Indeed, Blade Runner 2049‘s best trick is the way it marries its high-falutin’ philosophical and SF concepts to a narrative that is grounded in the emotional experiences of its characters, particularly K, whose throughline is a classic PKD-ian mindscrew. Which doesn’t mean we as viewers are robbed of some spectacular future world-building, all framed by Roger Deakins’ mathematically clean, sumptuously shadowed cinematography.
The noir nostalgia of the original is still present, but faded back a little, and re-contextualised – in a world this monumentally crappy, pining for a simpler, cleaner past makes sense, and perhaps that’s an interesting reflection of our own times. While gigantic seawalls hold back risen oceans and farmers raise not cattle or corn but crops of grubs for protein, towering holographic signs pimp cures for loneliness, picking out individual pedestrians in the grey streets to pimp their wares to.
For all that it seems overblown, scaled up and visually overwhelming, there’s a straight line running from our own experiences in the throes of late capitalism and climate change to the universe presented. If the defining image of Blade Runner is its towering, light-studded urban monoliths, in Blade Runner 2049 it’s the miles and miles of bleak, grey tenement blocks that comprise Greater Los Angeles.

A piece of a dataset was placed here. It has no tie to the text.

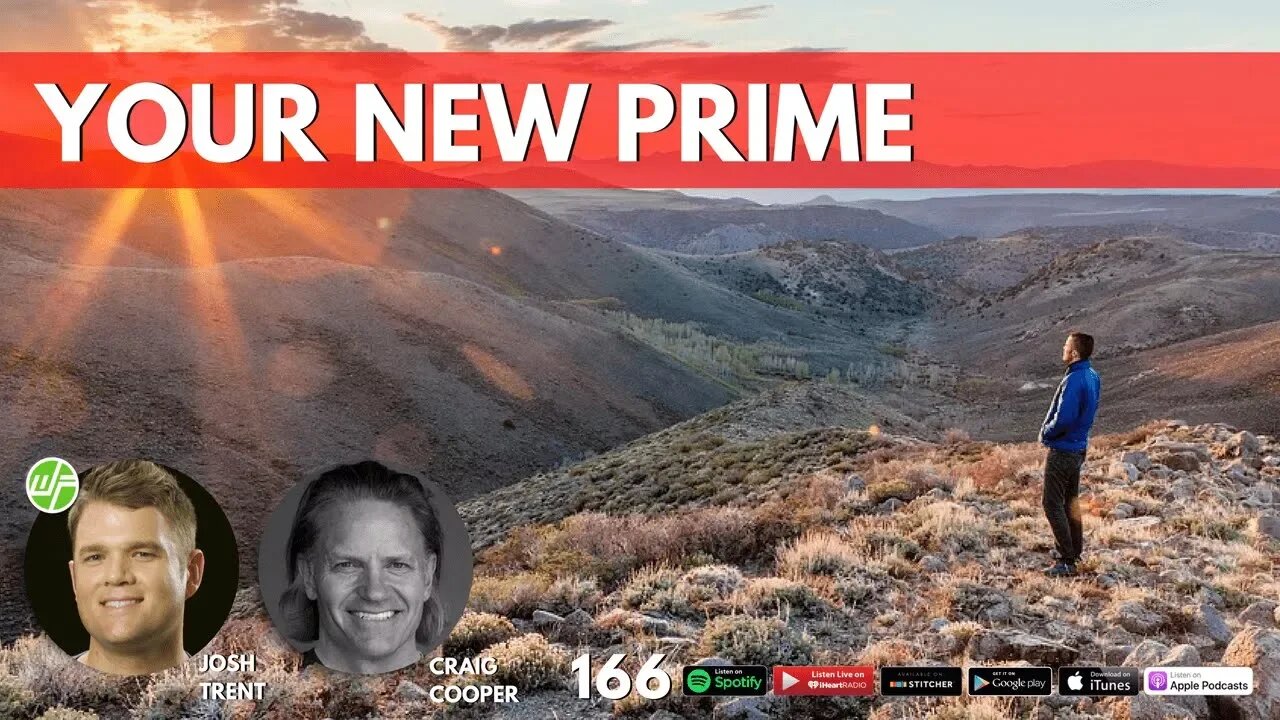 166 Craig Cooper: Your New Prime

Like the best science fiction, Blade Runner 2049 is a reflection of the time in which it is made – our time. This is still a world of weary anti-heroes in rain-drenched trench coats – but it’s also a world of private military forces and drone strikes.
The film is, when all is said and done, an extraordinary achievement, a work that pays homage to its forebear while simultaneously using that material to push us into new and confronting places, plucking at the strings of nostalgia while refusing us the comfort of the familiar. There’s going to be a backlash, of course – there always is when a work receives so much initial praise. And there are a few flat notes – 20 minutes could be excised from the film’s already onerous running time without losing anything, and Leto’s Wallace is a little too mannered and opaque to be the omnipotent threat he’s clearly meant to be. But right now, in the cold neon glow of a recent viewing, Blade Runner 2049 is absolutely one of the best films of the year.
And quite possibly better than the original.